When I was at yoga on Saturday, at introductions we introduced one fear when we have going into birth. I said mine was taking care of a newborn and a 21-month old. I know how rough it is for us to take care of Lincoln right now. He is in a throwing-stuff-when-he-is-told-he-can't-have-or-do-something phase. Another lady there expressed the same fear as me, but in a more explanatory way. She said that she doesn't want to miss out her older ones life while she is taking care of the new one, but also wants to take as much time doing the things she did with the first with the second. I knew exactly what she meant and I think that is what I fear more than the actual birth itself is missing out on dinner time with the boys, bath time and bedtime routines or trips to the park because I will be recovering or nursing. Lincoln will want me to hold him and I won't be able to all the time and it will break my heart. I cry every time I think about it.

When we decided to have a second baby, we had a choice to make as far as the kind of birth we wanted. Since I've had a cesarean, we knew a repeat cesarean is the most traveled road. Doctors don't tell you the risks involved with that route. They will encourage, or rather scare you from making the alternate choice. I know this because I am well-informed when it comes to birth. I also attend monthly meetings so I get information and statistics. Our other choice was a VBAC (Vaginal Birth After Cesarean). Doctors will scare you with the uterine rupture card and won't even let you have a trial of labor so they schedule a repeat cesarean. It is actually beneficial for your body and your baby to labor. We weighed our options and preferences. I knew I had to try a VBAC. I would always wonder if I could've done it. Recovering from my cesarean emotionally was tough and I didn't want the question in the back of mind for the rest of my life. I tried on the shoes of a repeat Cesarean. Where I wouldn't be tired from laboring if the surgery was scheduled, it would seem to anticlimactic to be wheeled in with no signs of labor.

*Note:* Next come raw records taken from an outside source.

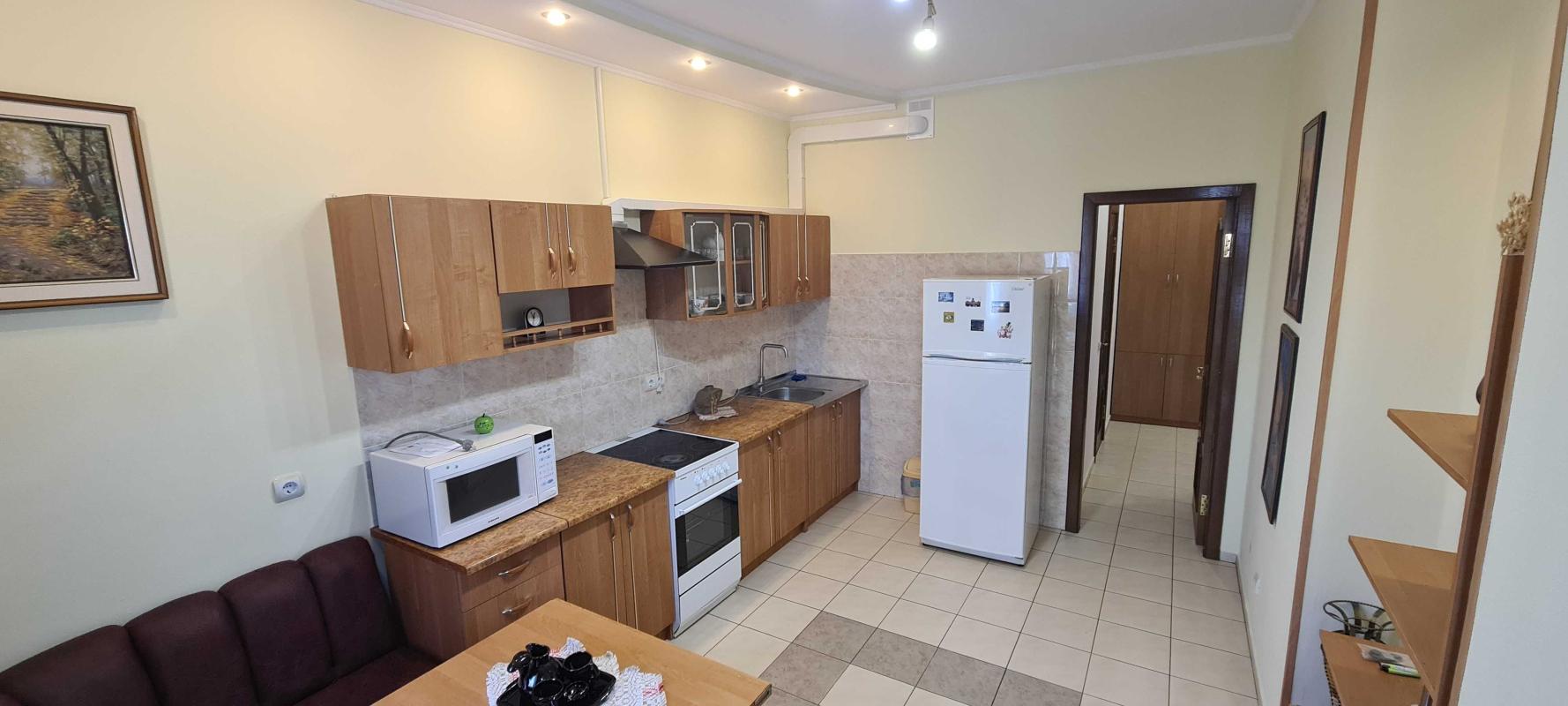 Long term rent 1 bedroom-(s) apartment Kyrylivska Street (Frunze Street) 14/18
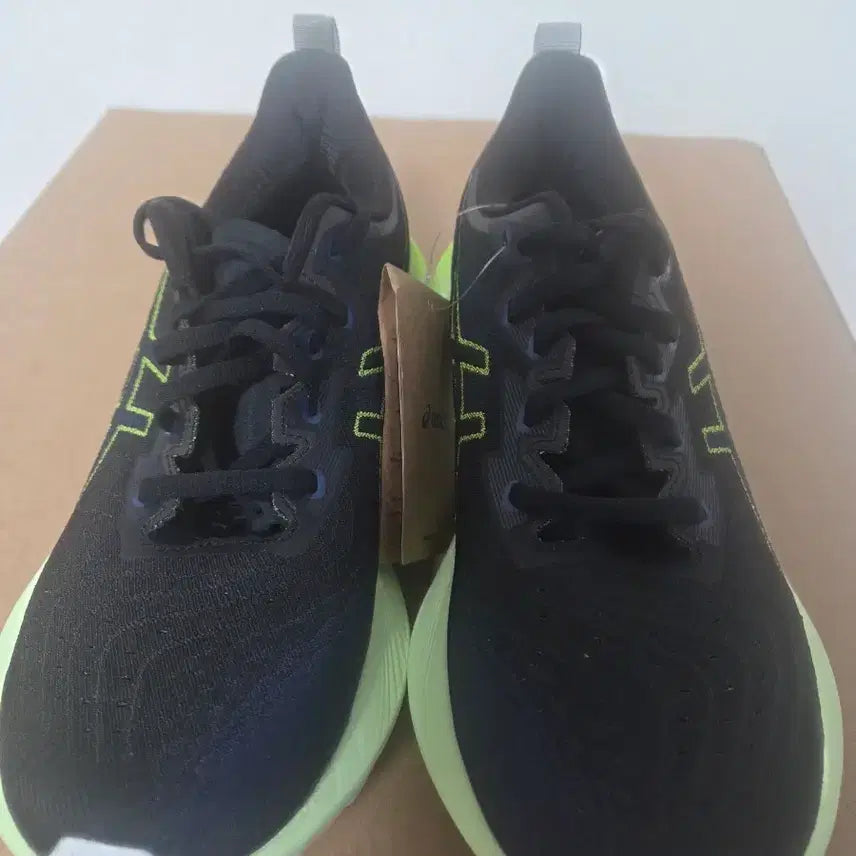 [BUNJANG] Asics NovaBlast 4 Running Shoes (255mm) / 아식스 노바블라스트4  255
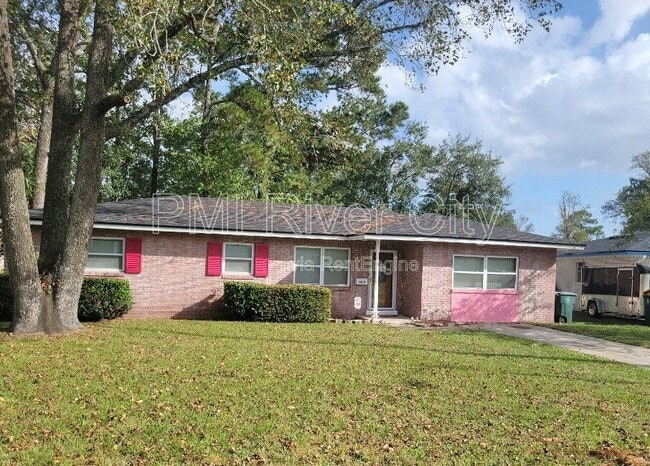 7819 Lisa Dr E in Jacksonville, FL - Building Photo - Building Photo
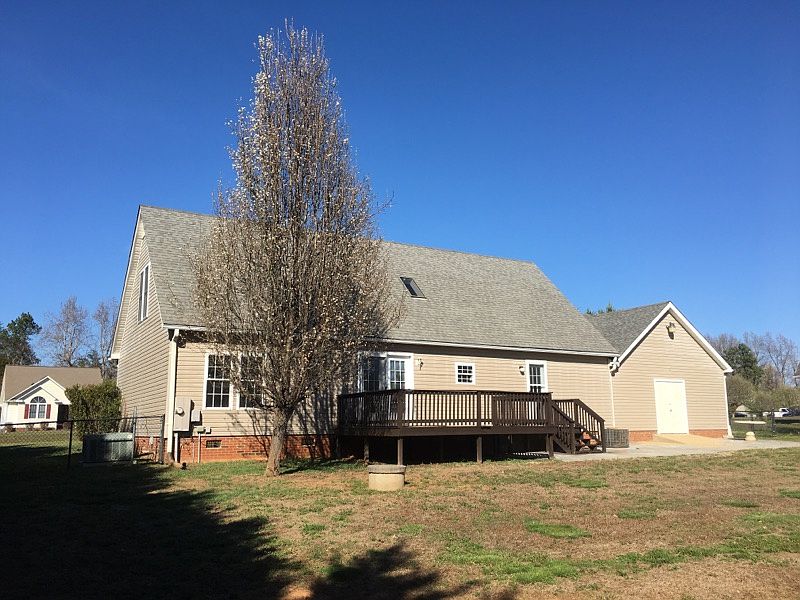 1st image of 1011 Ravenwood Dr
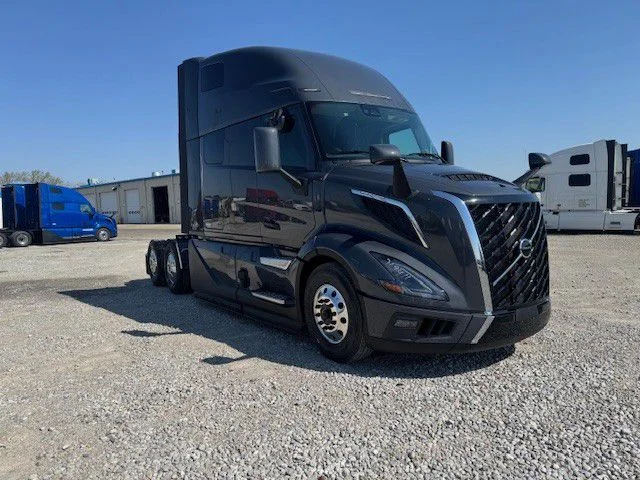 2027 Volvo VNL 860 in London, OH — photo 4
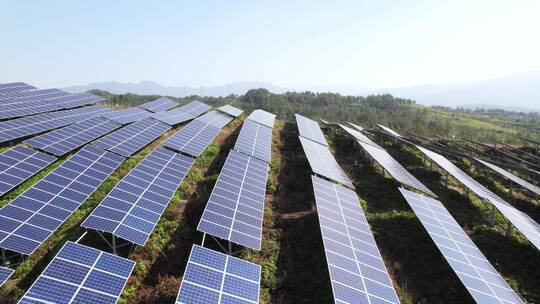 航拍山上光伏太阳能电池板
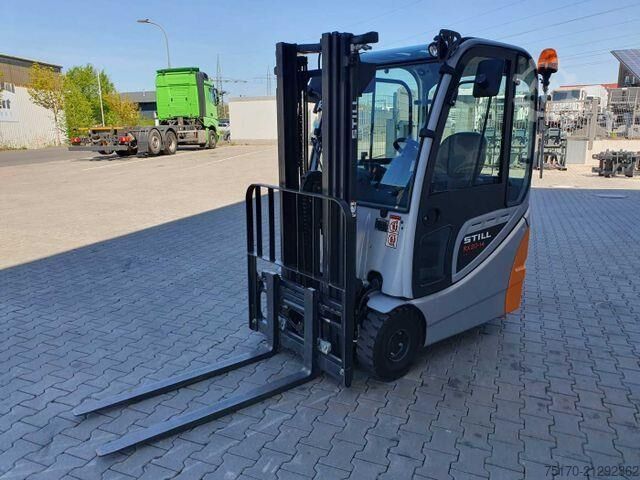 Forklift Still RX20-14 / 2016 / Triplex: 4.60m! / 271h / SS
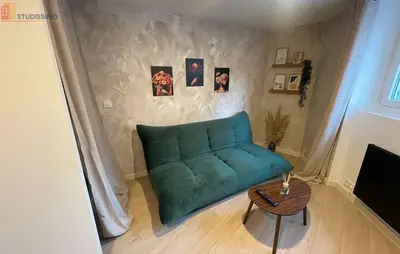 Studio à Valence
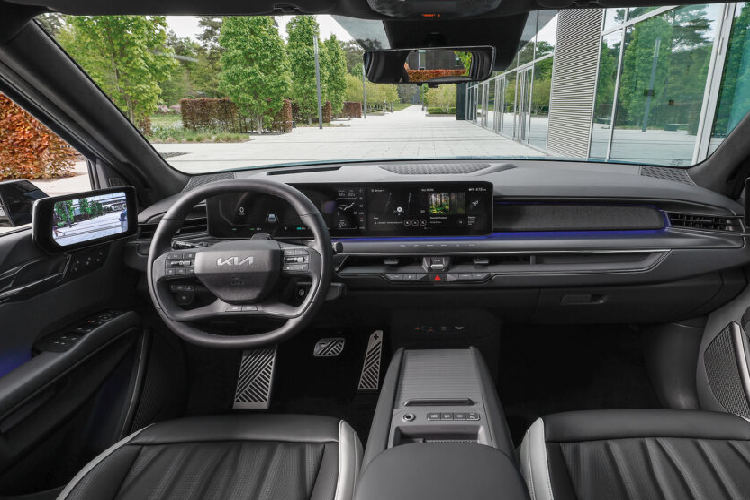 Kia EV9 sẽ được cung cấp với hai tùy chọn hệ thống truyền động là RWD và AWD, cả hai đều được kết hợp với bộ pin 99,8 kWh.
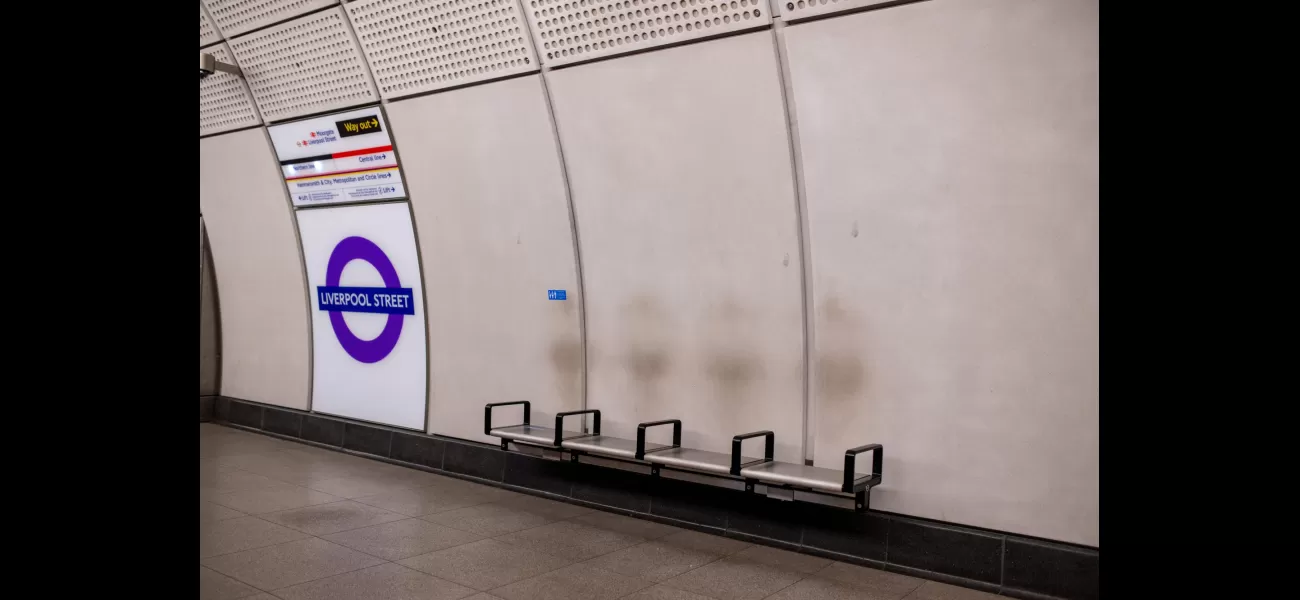 Passengers on the Elizabeth Line have noticed 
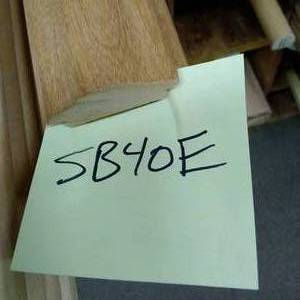 lot 131 image: 2 12 x 2 12 Birch Hand Rail (SB40E)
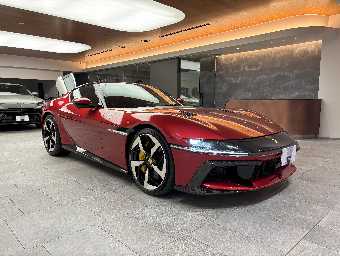 FERRARI 12 CILINDRI 2025 Image 3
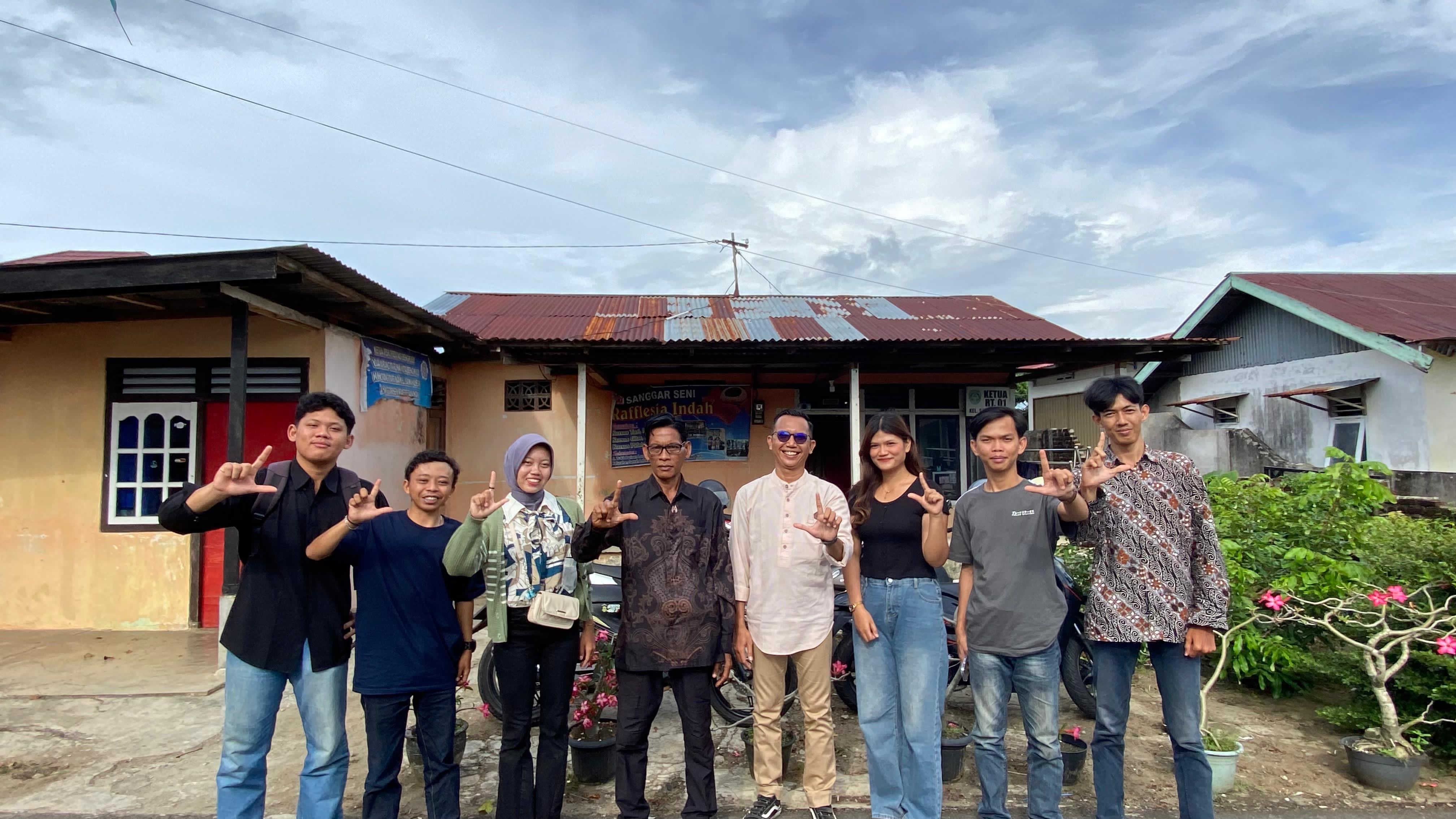 Pertemuan Dpl & Mahasiswa di rumah ketua RT 01 Kelurahan sawah lebar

Once we decided on the VBAC, then we had to decide where we wanted this to happen.  As progressive as Athens is, options are limited. There are a couple hospitals in Atlanta (Intown Midwifery or Emory) and a case-by-case depending on what physician is on call scenario in Athens (Athens Regional). With my first pregnancy, I had two midwives I trusted, but their hospital protocols made me want to avoid a hospital. Period. So we looked into the home birth route. The co-leader of the ICAN of Athens had an HBAC (Home Birth After Cesarean) and also a lady my mom's age from church had also. I started calling midwives. Some said I was too far away for a VBAC, some didn't attend VBAC's and others weren't available around my EDD. Finally, I found one women that said I was in her radius and she attended VBAC's. I spoke with her on the phone first and through email. Joe and I decided to schedule a consultation/appointment with her and we hired her to be our midwife. She lives near Augusta so we travel about 2 hours to see her for our prenatal visits. She has an office set up in her home with an apprentice and an assistant that attend all of our appointments too. She'll be coming to our house in June for the home visit (37-weeks) where they see where we live and make sure we have the home birth kit ready.

I don't tell a whole lot of people that we are preparing for a home birth. My parents and in-laws know. I've told maybe four people at work and a couple people from church. I haven't broad casted it on facebook. I was warned that I could be called selfish and that I am putting my baby (and myself) at risk by doing this. I don't know anyone outside of Athens that has had a VBAC so I might already be considered "radical" by most and then on top of that I am preparing to birth at home. This is just what my husband and I feel most comfortable doing. The Lord knows the desire of our hearts.